Finding faith to stand up for justice
Tuesday, March 23
When Esther’s maids and her eunuchs came and told her, the queen was deeply distressed; she sent garments to clothe Mordecai, so that he might take off his sackcloth; but he would not accept them. Then Esther called for Hathach, one of the king’s eunuchs, who had been appointed to attend her, and ordered him to go to Mordecai to learn what was happening and why. Hathach went out to Mordecai in the open square of the city in front of the king’s gate, and Mordecai told him all that had happened to him, and the exact sum of money that Haman had promised to pay into the king’s treasuries for the destruction of the Jews. Mordecai also gave him a copy of the written decree issued in Susa for their destruction, that he might show it to Esther, explain it to her, and charge her to go to the king to make supplication to him and entreat him for her people. Hathach went and told Esther what Mordecai had said. Then Esther spoke to Hathach and gave him a message for Mordecai, saying, “All the king’s servants and the people of the king’s provinces know that if any man or woman goes to the king inside the inner court without being called, there is but one law—all alike are to be put to death. Only if the king holds out the golden scepter to someone, may that person live. I myself have not been called to come into the king for thirty days.” When they told Mordecai what Esther had said, Mordecai told them to reply to Esther, “Do not think that in the king’s palace you will escape any more than all the other Jews. For if you keep silence at such a time as this, relief and deliverance will rise for the Jews from another quarter, but you and your father’s family will perish. Who knows? Perhaps you have come to royal dignity for just such a time as this.” Then Esther said in reply to Mordecai, “Go, gather all the Jews to be found in Susa, and hold a fast on my behalf, and neither eat nor drink for three days, night or day. I and my maids will also fast as you do. After that I will go to the king, though it is against the law; and if I perish, I perish.” — Esther 4:4–16
I love the book of Esther, especially this chapter as it
tells us a story of a young woman whom God calls to do something extraordinary, but she is struggling with fears and doubts. Ultimately, she overcomes her apprehensions, puts her faith in God and starts living into what God has called her to do — to stand up for what is right and save her people.
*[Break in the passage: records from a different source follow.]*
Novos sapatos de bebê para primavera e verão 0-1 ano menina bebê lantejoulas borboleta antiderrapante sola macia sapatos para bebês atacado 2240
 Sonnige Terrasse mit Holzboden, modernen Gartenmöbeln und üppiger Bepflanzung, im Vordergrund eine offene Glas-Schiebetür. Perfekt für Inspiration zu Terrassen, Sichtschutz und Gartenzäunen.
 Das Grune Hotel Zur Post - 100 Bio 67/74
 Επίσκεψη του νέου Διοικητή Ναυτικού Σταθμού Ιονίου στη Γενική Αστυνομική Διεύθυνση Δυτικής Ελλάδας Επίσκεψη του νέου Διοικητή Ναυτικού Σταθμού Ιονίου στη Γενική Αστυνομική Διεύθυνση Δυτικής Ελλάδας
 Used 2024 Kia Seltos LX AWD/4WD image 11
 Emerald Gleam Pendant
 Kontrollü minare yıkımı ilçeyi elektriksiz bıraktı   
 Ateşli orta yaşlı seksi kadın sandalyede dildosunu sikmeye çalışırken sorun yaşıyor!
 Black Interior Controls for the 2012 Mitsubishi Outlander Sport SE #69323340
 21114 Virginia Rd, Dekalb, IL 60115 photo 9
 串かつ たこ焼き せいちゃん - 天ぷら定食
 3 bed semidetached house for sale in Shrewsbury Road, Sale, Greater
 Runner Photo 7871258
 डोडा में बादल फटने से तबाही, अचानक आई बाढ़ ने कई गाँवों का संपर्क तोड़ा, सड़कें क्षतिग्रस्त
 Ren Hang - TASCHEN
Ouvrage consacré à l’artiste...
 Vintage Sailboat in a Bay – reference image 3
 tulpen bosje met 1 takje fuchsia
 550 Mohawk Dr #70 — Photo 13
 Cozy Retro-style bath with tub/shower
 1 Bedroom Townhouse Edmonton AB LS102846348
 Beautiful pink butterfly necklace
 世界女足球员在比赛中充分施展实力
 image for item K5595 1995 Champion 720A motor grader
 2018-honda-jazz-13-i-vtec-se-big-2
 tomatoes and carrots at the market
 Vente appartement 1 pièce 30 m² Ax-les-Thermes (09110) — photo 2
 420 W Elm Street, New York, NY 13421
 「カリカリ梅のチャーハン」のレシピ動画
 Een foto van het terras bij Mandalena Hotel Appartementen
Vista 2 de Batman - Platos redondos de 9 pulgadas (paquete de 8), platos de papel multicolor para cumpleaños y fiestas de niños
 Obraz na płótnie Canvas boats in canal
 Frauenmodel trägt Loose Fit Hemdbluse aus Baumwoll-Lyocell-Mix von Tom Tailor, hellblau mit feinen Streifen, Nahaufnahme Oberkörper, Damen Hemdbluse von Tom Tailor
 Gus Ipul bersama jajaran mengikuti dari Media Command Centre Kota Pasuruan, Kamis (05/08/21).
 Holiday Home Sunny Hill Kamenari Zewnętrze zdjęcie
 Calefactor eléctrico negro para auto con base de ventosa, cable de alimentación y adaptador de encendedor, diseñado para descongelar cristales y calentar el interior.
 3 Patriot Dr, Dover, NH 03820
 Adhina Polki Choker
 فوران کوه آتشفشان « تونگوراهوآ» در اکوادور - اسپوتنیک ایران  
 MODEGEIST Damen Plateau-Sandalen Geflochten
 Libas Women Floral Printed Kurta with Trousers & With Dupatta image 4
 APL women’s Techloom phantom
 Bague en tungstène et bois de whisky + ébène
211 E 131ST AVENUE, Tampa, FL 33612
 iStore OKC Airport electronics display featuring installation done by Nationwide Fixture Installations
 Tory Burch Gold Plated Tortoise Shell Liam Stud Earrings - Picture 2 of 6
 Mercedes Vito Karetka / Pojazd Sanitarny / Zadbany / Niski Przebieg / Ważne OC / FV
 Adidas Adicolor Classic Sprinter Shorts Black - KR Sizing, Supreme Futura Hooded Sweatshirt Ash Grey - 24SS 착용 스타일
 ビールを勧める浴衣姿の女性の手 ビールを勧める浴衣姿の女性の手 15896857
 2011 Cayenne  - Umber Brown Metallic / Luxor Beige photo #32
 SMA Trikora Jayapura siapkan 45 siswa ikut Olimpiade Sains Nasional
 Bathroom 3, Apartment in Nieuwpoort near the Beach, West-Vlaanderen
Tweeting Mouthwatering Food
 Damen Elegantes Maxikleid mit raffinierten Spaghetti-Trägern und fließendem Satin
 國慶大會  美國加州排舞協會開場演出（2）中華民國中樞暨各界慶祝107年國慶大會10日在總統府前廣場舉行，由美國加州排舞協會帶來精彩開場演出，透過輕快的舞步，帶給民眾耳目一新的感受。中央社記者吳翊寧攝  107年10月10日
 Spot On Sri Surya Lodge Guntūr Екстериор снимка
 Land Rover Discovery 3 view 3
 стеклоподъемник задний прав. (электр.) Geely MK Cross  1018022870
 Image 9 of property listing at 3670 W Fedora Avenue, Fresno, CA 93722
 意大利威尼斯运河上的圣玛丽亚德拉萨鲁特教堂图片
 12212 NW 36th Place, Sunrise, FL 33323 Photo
Many of us can identify with Esther. Many of us fear stepping out of our comfort zone to stand up for what is right. But like Esther, we must overcome our fears and step out of our comfort zone because the world needs us. Every day we watch in horror as another Black person is gunned down by the police. Children are locked in cages like animals in detention centers. Just recently, too, we had to witness in our country voter suppression tactics to keep people from exercising their right to vote as citizens of the United States. This isn’t right. We have to do something about it.
This Lent, as we explore the ways to shalom, we must remember Esther’s example and live into our calling to be liberators. Why? It’s because our people need us.
Lord, like Esther many of us are scared to speak up. We have families to care for and households to maintain. But just as Esther overcame her fears, we must too. Lord, help us to step out in faith and move forward in our call to seek justice. In Christ’s name we pray. Amen.